Yup...theres a big difference..and thats the read and write speed of the drive. at minimum for audio, 7200rpm is preferred. even though there are SCSI drives that run at 10,000rpm+, but they generate too much noise. but that wouldnt be a problem if ur DAW is located somewhere outside the recording area.

just curious, what processor do u have? make sure its not overheating.
 
Cpu

Thanks for the reply, I have a 1.73 pentium m processor, which is only reading about 19-25% after 13 tracks of audio, wheras the hard drive is bouncing between 35% and 100%.
 
Drewdt3 said:
Thanks for the reply, I have a 1.73 pentium m processor, which is only reading about 19-25% after 13 tracks of audio, wheras the hard drive is bouncing between 35% and 100%.

When was your last HD defrag???. I recommend Perfectdisk, it works better than windows defrag.
 
I have a Pentium M 1.6 & I get the same thing after around 16-18 tracks.

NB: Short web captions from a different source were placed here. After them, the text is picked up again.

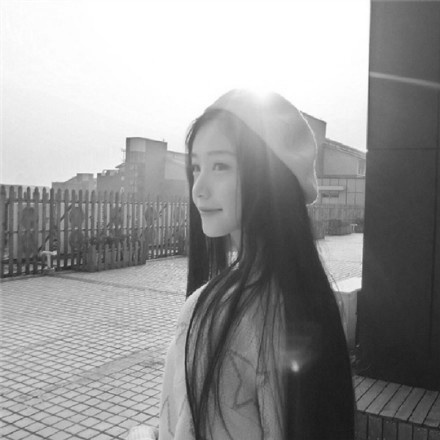 qq黑白头像女生图片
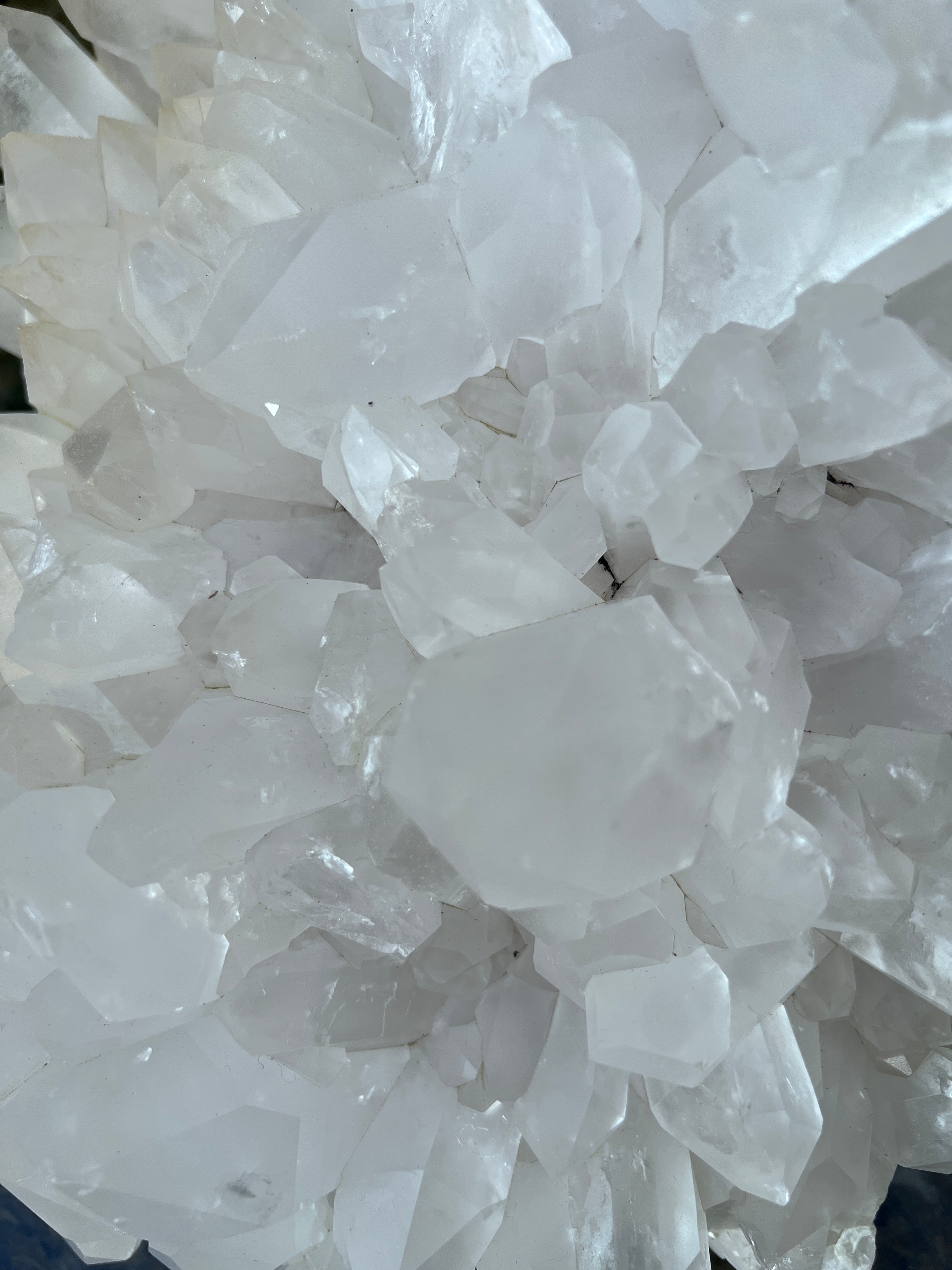 Not specified Crystals Snow Snow Quartz Cluster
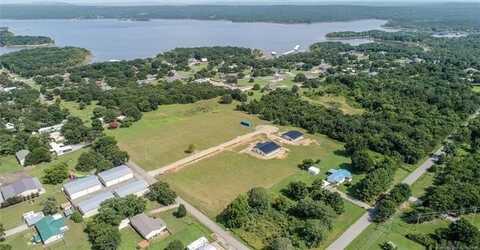 2 Reagan Drive, Eufaula, OK 74432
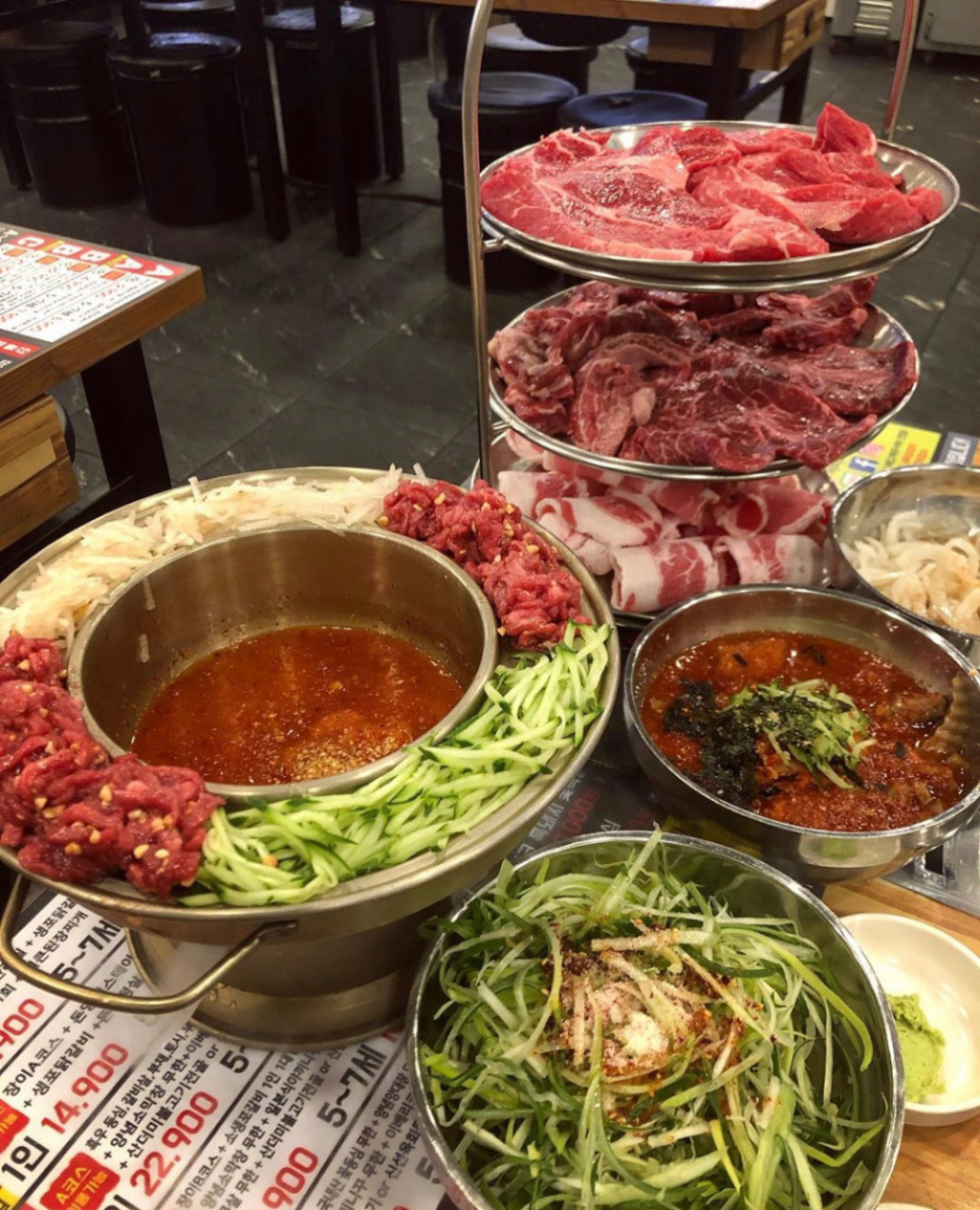 首尔美食|首尔性价比最高的无限自助烤肉店 只要你想吃的韩国的烤肉的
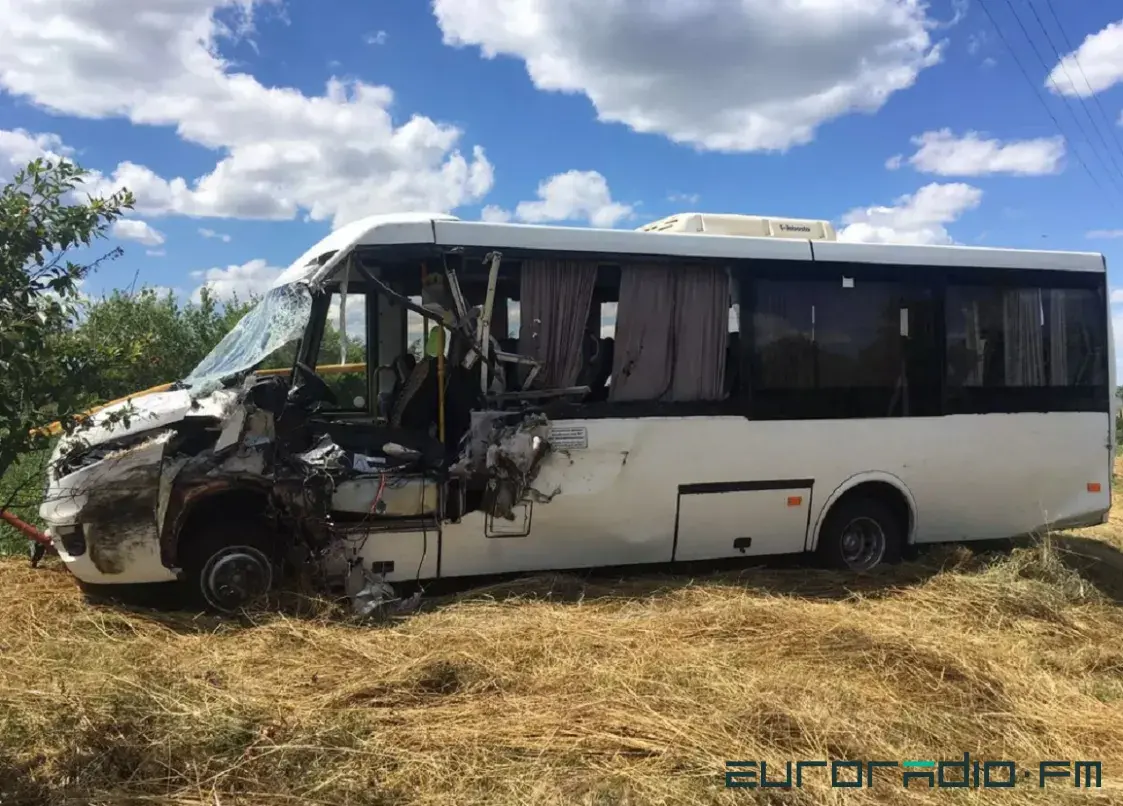 9 беларусаў пацярпелі ў аварыі аўтобуса і грузавіка ў Расіі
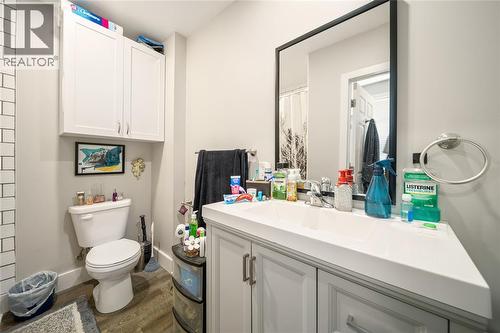 404 Russell Street, Sarnia, ON - Indoor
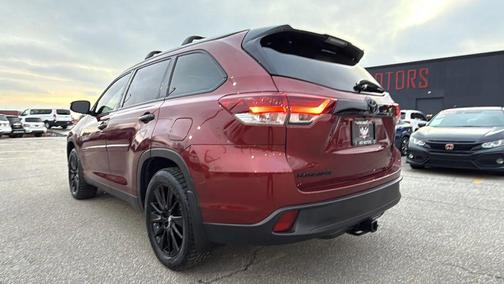2019 Toyota Highlander SE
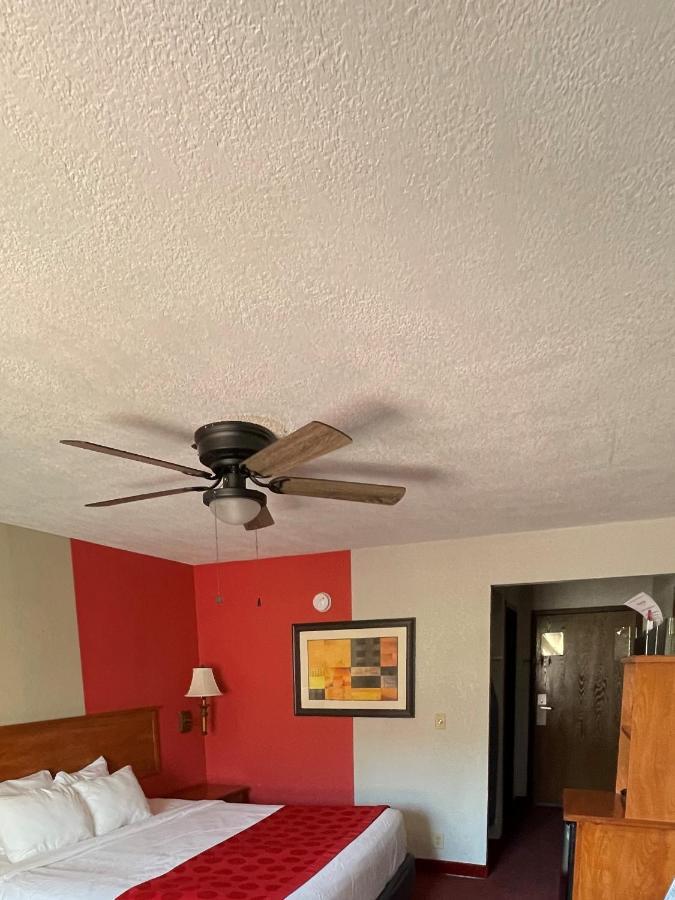 Ramada By Wyndham Oklahoma City Airport North Kültér fotó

I think an external usb 7200rpm drive would improve things considerably
 
My 2.6 ghz PIV with a 7,200 rpm 60gb HD was dropping out. The drive was bouncing around 50-90% I just defrag it and the problem was solved. It happens that after a while working with wavs, recording, deleting, etc that files moves and all the tracks that belongs to the same project don´t stay together, I mean one next to the other, that gets HD busy, that´s why it drops.
 
Dropout

I have discovered today that if I lift the i/o buffer (options-audio-advanced)it stops the dropouts altogether. I can save my pennies for a bit, and perhaps just buy some more ram for now.